Filter the entries for the word "Print". Copy each line that has it.

━━ Material provided ━━

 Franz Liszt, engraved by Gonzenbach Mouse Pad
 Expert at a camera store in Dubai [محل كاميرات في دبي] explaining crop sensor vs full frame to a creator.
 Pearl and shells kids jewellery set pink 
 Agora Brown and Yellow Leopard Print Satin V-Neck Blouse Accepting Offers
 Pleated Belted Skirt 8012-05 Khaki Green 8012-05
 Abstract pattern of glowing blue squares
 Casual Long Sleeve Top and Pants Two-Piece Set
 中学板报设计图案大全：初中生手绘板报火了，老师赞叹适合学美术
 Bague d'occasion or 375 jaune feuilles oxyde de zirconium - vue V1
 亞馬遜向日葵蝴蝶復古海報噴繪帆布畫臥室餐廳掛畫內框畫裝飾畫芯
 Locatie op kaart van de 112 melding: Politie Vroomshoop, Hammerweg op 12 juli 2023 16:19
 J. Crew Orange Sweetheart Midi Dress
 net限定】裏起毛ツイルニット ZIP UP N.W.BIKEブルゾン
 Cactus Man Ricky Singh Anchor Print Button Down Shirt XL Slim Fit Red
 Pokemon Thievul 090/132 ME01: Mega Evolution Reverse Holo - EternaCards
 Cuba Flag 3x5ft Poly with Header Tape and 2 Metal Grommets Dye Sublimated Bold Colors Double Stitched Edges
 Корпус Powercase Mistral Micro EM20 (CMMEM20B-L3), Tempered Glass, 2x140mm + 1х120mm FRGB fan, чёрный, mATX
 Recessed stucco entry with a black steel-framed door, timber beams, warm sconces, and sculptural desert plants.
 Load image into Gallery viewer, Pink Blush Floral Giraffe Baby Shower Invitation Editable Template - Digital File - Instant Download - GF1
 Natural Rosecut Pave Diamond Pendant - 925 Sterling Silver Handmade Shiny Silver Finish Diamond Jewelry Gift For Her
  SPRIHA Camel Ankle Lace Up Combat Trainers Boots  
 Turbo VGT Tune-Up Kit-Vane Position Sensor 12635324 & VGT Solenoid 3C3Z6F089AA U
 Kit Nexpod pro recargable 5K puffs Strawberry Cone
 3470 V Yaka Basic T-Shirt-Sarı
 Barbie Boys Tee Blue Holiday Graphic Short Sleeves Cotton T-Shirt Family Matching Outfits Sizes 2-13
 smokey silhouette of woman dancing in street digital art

━━━

* _Answer for the task_
 Agora Brown and Yellow Leopard Print Satin V-Neck Blouse Accepting Offers
 Cactus Man Ricky Singh Anchor Print Button Down Shirt XL Slim Fit Red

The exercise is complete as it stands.